The data were collected as part of the on-going effort of the college’s administration to monitor salary differences between male and female faculty members.
The dataset is included in the car package
require(ggplot2)
## Loading required package: ggplot2
require(car)
## Loading required package: car
salDF <- subset(Salaries, Salaries$yrs.service > 0)
salDF <- salDF[order(salDF$salary),]
head(salDF)
## rank discipline yrs.since.phd yrs.service sex salary
## 283 Prof A 51 51 Male 57800
## 124 AssocProf A 25 22 Female 62884
## 238 AsstProf A 7 6 Female 63100
## 227 AsstProf A 3 1 Male 63900
## 318 Prof B 46 45 Male 67559
## 65 AsstProf B 4 3 Male 68404
# Histograms
hist(salDF$salary
,main = "Distribution of Salaries for Professors \n 2008-2009 Academic Year"

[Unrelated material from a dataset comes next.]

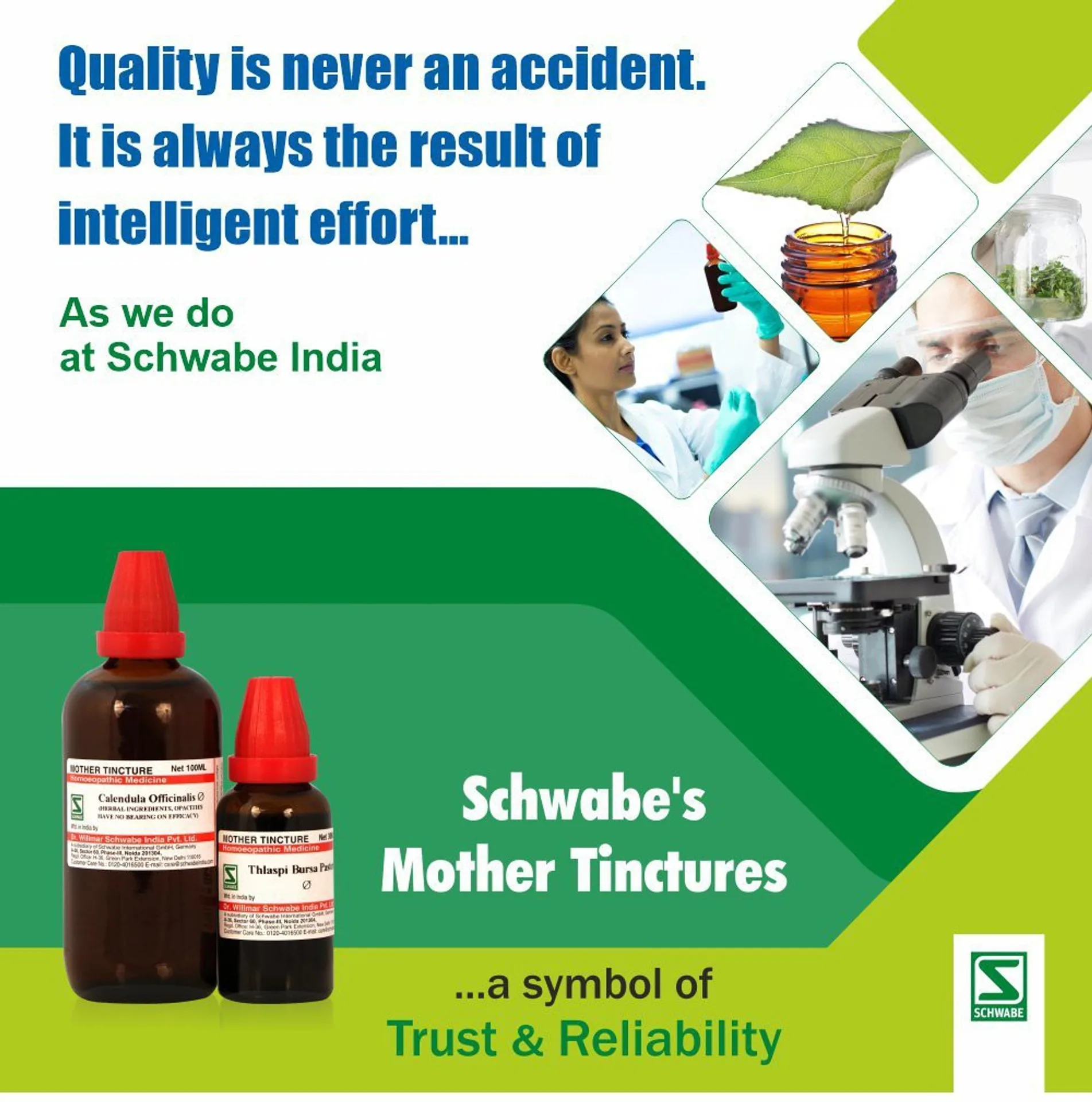 Dr. Willmar Schwabe India Acidum Phosphoricum Mother Tincture Q | Homeopathic Remedy | Mental & Physical Exhaustion Support-4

,ylab = "Frequency of Salaries"
,xlab = "Salaries \n (nine-month salary total, in dollars)"
,col = "grey")
hist(salDF$yrs.service
,main = "Distribution of Years of Service"
,xlab = "Years of Service"
,col = "tan")
# Boxplot using ggplot
ggplot(salDF
,aes(y = salDF$salary, x = salDF$rank)) +
geom_boxplot() +
xlab("Rank") +
ylab("Salary") +
ggtitle("Median Salary In Different Ranks")
# Scatterplot using ggplot
ggplot(salDF, aes(yrs.service,salary)) +
geom_point() +
facet_wrap(~rank) +
xlab("Years of Service") +
ylab("Salary") +
ggtitle("Relationship Between Years of Service and Salary")
# Summary count per Gender and Rank
table(salDF$sex, salDF$rank)
##
## AsstProf AssocProf Prof
## Female 9 10 17
## Male 48 54 248
# Summary count per Discipline (A=Theoretical Dept, B=Applied Dept) and Gender
table(salDF$discipline, salDF$sex)
##
## Female Male
## A 16 161
## B 20 189
# Summary count per Discipline and Rank
table(salDF$discipline, salDF$rank)
##
## AsstProf AssocProf Prof
## A 21 26 130
## B 36 38 135
# Average Years of Service per Rank
aggregate(yrs.service ~ rank, salDF, mean)
## rank yrs.service
## 1 AsstProf 2.789474
## 2 AssocProf 11.953125
## 3 Prof 22.901887
aggregate(salDF$salary ~ (sex + rank), salDF, median)
## sex rank salDF$salary
## 1 Female AsstProf 77500.0
## 2 Male AsstProf 80027.5
## 3 Female AssocProf 90556.5
## 4 Male AssocProf 95626.5
## 5 Female Prof 122960.0
## 6 Male Prof 123996.0